The final two studies provide more recent data from finished water samples (Brown et al. 2014, Teefy 2013). A 2012 study (Brown et al. 2014) highlighted by the 2015 Water Research Foundation report “State of the Science: Community Water Fluoridation” (WRF 2015) reported that 80% of the water samples from 40 adjusted systems – with target fluoride concentrations ranging from 0.7 to 1.05 mg/L and serving different population sizes – were within ±0.1 mg/L of the target fluoride concentration, 92.5% within ±0.15 mg/L, and 98% within ±0.2 mg/L. A 2013 study (Teefy 2013) of one large adjusted system in California reported that between July 2012 and June 2013, 79% of daily samples were within ±0.1 mg/L and 98% were within ±0.15 mg/L of the target fluoride concentration of 0.85 mg/L. This study (Teefy 2013) also noted sources of variation other than equipment calibration, such as source water fluoride concentration and volume of water produced. Both studies cited California’s requirement that ≥80% of the samples, recorded daily and reported monthly, have fluoride concentration within the state-established control range, which was 0.1 mg/L below to 0.5 mg/L above the target fluoride concentration at the time of their studies; one study (Teefy 2013) also noted that the control range had changed to ±0.3 mg/L as of November 2013.

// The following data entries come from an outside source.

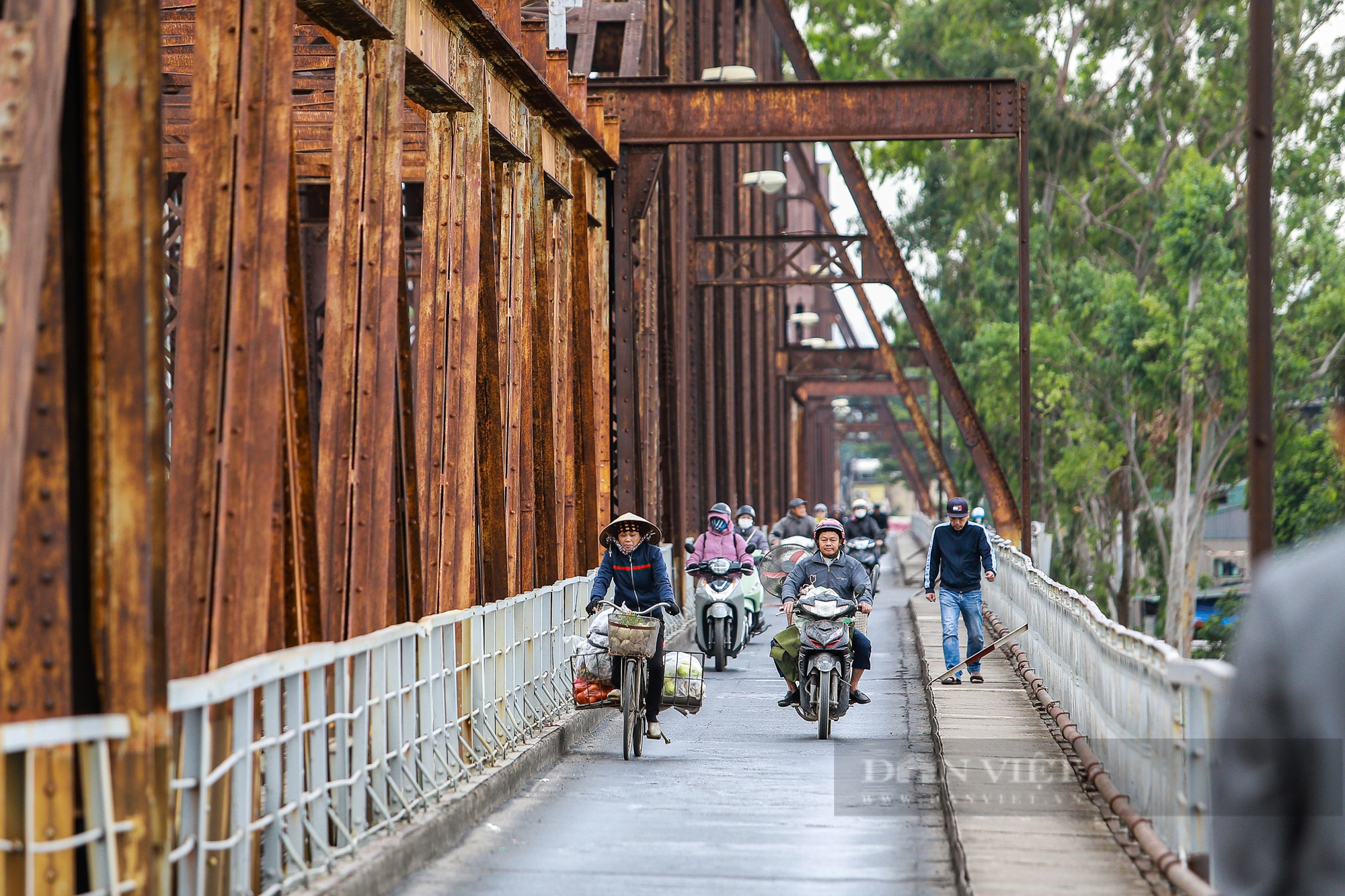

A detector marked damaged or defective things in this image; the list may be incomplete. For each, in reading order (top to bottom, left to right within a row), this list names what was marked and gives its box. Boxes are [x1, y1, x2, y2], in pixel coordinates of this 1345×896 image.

rusty vertical column [79, 0, 171, 882]
rusty vertical column [317, 0, 406, 632]
rusty steel beam [594, 79, 1011, 144]
rusty steel beam [785, 143, 963, 497]
rusty steel beam [764, 0, 1022, 540]
rusty vertical column [1011, 85, 1033, 559]
rusty vertical column [1237, 0, 1270, 559]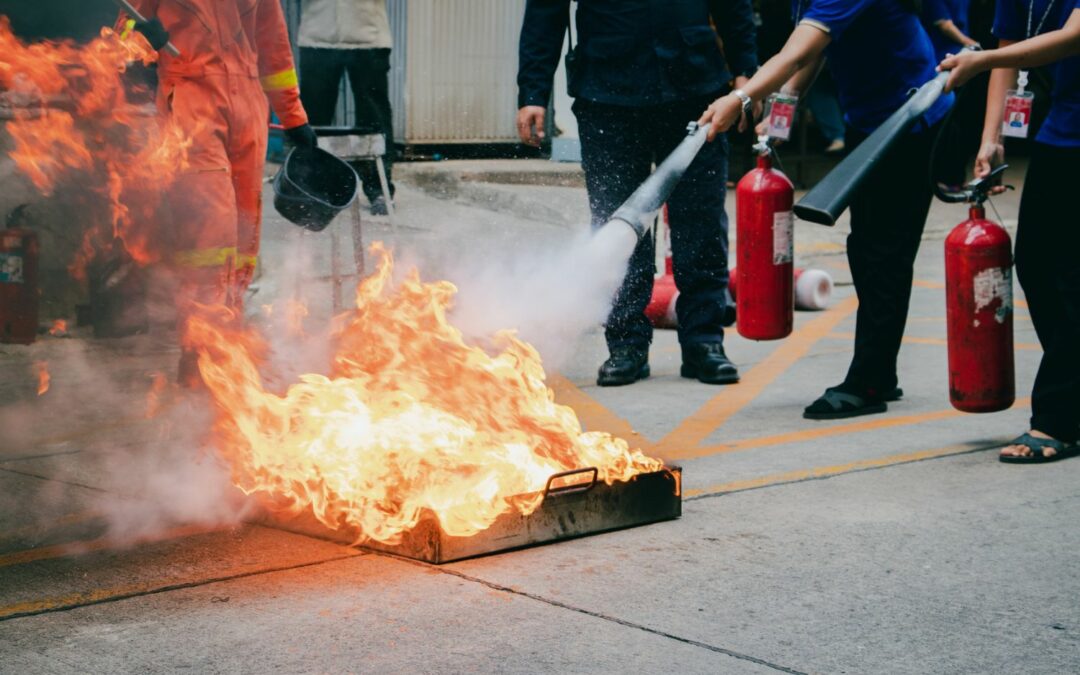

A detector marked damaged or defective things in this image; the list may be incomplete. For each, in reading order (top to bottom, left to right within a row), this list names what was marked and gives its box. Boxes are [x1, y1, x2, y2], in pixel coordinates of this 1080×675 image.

pavement crack [0, 550, 362, 622]
pavement crack [382, 552, 812, 673]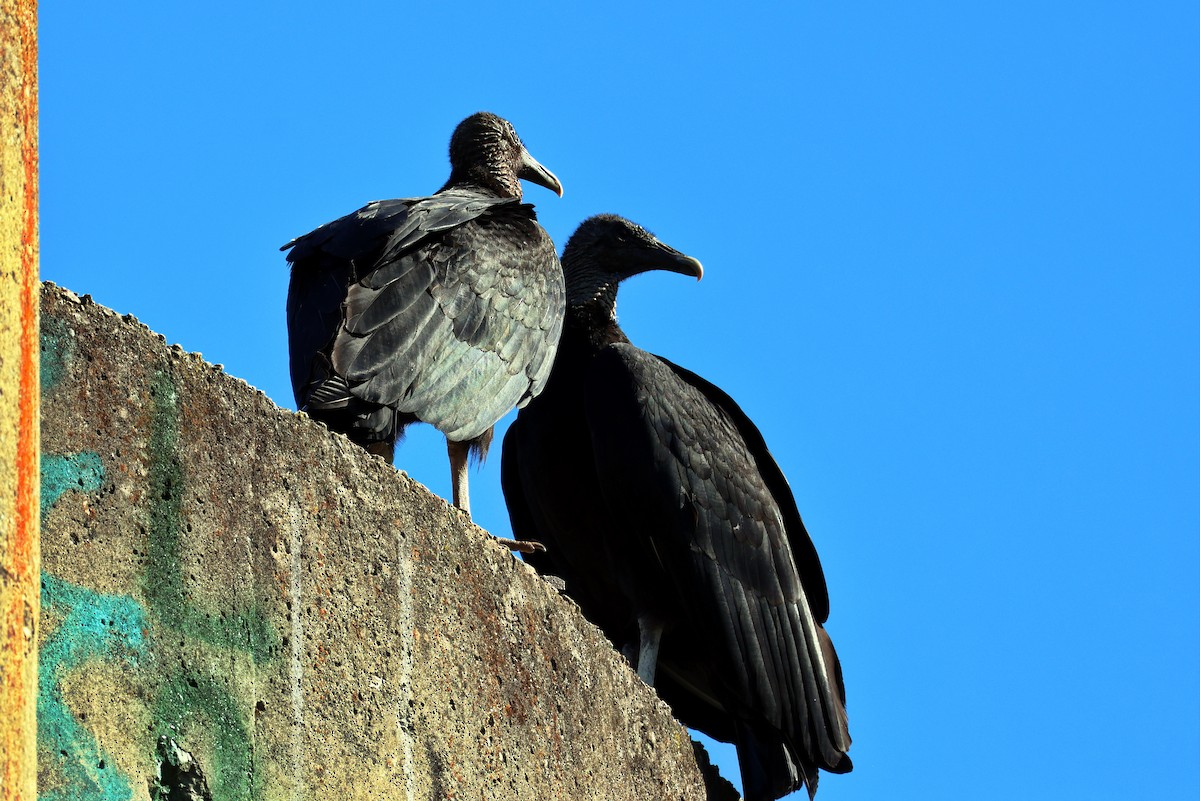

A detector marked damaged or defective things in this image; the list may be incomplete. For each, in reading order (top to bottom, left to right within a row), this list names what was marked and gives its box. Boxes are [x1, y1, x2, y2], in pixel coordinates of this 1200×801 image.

rusty metal post [0, 1, 38, 801]
orange rusted metal strip [0, 1, 38, 801]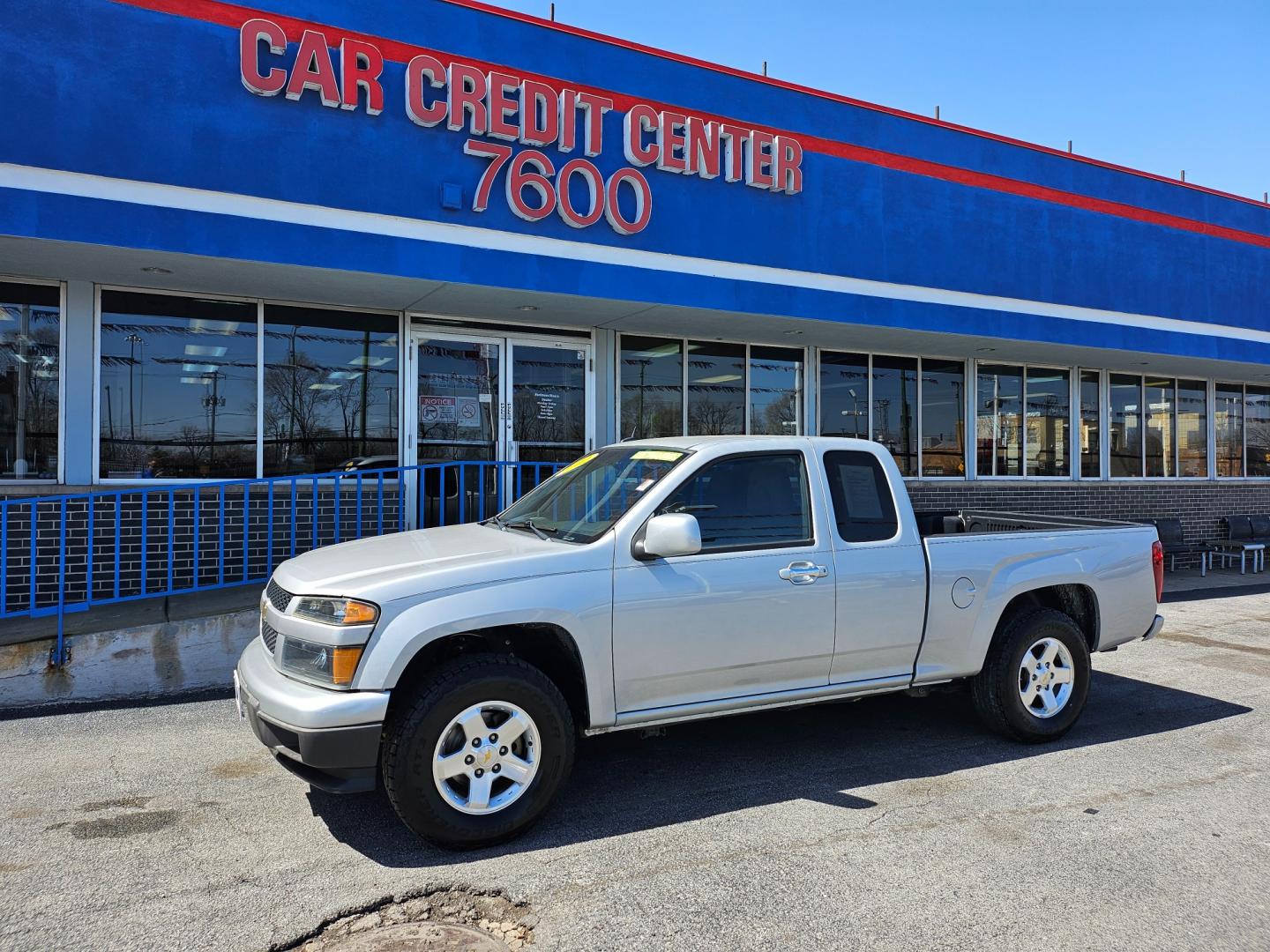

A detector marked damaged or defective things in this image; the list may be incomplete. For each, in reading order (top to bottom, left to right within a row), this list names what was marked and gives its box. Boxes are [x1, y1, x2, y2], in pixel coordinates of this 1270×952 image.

pothole patch [280, 889, 533, 952]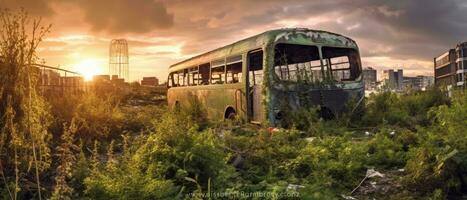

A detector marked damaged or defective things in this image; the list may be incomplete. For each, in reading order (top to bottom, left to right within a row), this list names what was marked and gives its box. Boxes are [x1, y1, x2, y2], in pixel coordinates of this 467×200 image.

broken window [228, 54, 245, 83]
abandoned bus [168, 28, 366, 126]
broken window [274, 43, 322, 82]
broken window [324, 46, 364, 81]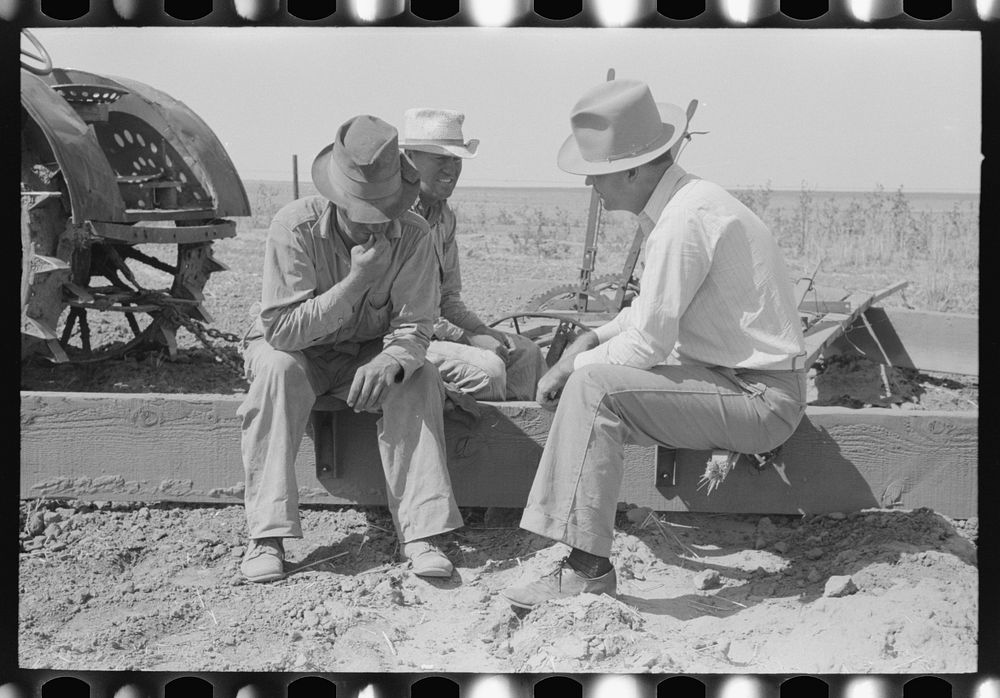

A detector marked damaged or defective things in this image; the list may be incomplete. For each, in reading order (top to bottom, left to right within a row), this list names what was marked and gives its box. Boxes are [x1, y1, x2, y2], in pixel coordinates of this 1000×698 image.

rusty farm equipment [20, 29, 250, 362]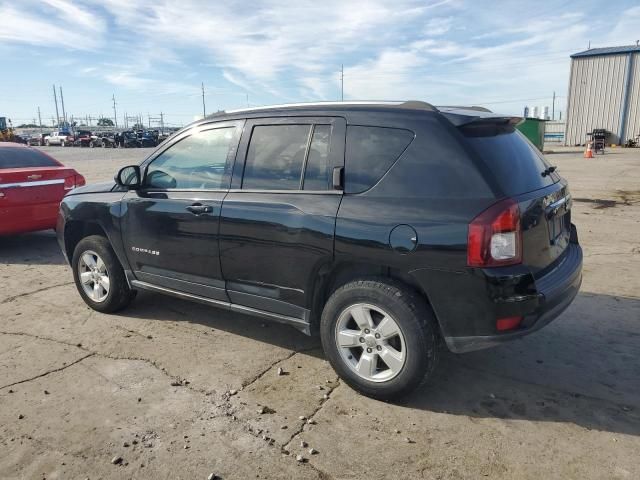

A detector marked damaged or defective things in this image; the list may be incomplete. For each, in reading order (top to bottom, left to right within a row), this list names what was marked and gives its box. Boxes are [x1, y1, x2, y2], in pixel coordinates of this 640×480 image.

crack in concrete [0, 282, 74, 304]
crack in concrete [0, 352, 95, 390]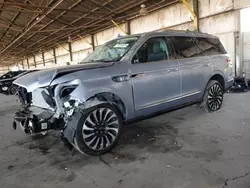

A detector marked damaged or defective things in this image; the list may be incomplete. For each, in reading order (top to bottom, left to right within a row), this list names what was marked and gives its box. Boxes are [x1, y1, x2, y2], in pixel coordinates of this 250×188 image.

front end damage [12, 78, 104, 152]
crumpled hood [12, 62, 112, 92]
damaged suv [12, 30, 233, 154]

The purpose of this study is to provide data to inform selection of control ranges by analyzing data from the five years (2006–2010) preceding the January 2011 notice of the proposed update and to describe status of average fluoride concentrations and control ranges soon after the April 2015 update. Six control ranges are examined: the state-established control range, the EARWF recommended asymmetrical control range of 0.1 mg/L below to 0.5 mg/L above the target fluoride concentration, and four hypothetical symmetrical control ranges of ±0.3, ±0.2, ±0.15, and ±0.1 mg/L around the target. The first two aims of the study are to describe overall and by size of population served: 1) the number and percentage of system-months for which the average fluoride concentration was within, below, or above each of the six control ranges and 2) the percentage of adjusted systems that had monthly average fluoride concentration within each of the six control ranges for ≥45 of 60 months (≥75%), ≥48 (≥80%), ≥54 (≥90%), ≥57 (≥95%) and all 60 (100%) months among the subset of adjusted systems that reported average fluoride concentration for all 60 months in the five-year study period. The third aim is to compare the target fluoride concentration and control ranges in use in 2015 to those in use in 2010. Through these aims, this study describes progress in adoption of the recommended target fluoride concentration through 2015 and potential feasibility of control ranges for monthly average fluoride concentration narrower than 0.6 mg/L in width (e.g., narrower than −0.1 mg/L to +0.5 mg/L or ±0.3 mg/L).
METHODS
Data Source and Data Fields Used
The analysis used data for monthly average fluoride concentration for adjusted systems in the 34 states that used WFRS to monitor water fluoridation program quality during 2006–2010 and in 2015 (CDC 2013b). State personnel calculate the monthly average concentration from daily measurements, however, the daily measurements are not reported to WFRS. Other data fields used were: target fluoride concentration; upper and lower control limits, which together define the state-established control range for each adjusted system; and the population served by each adjusted system, in five categories (25–3,300; 3,301–10,000; 10,001–20,000; 20,001–200,000 and >200,000). State personnel validate data for population served in WFRS after an annual comparison to EPA Safe Drinking Water Information System (SDWIS) public water system identification number (PWSID) and population data (CDC 2013c). For systems with multiple points at which finished water is produced and not blended before distribution (such as in certain large metropolitan water systems), each point was considered a unique system in this analysis, because the average fluoride concentration was reported for and may have differed by each point. Data for gallons of water produced per day were not available from WFRS, therefore, system size was based on the most recent data in WFRS for population served during 2006–2010. If population data were not available during 2006–2010, data from 2012 were used, corresponding to the population data used for the 2012 Fluoridation Statistics report (CDC 2013d). For analyses of changes between 2010 and 2015 (Study Aim 3), population data from 2015 were used to remove the possible impact of changes in size of population served, or migration between areas served by water systems with different target concentrations or control ranges.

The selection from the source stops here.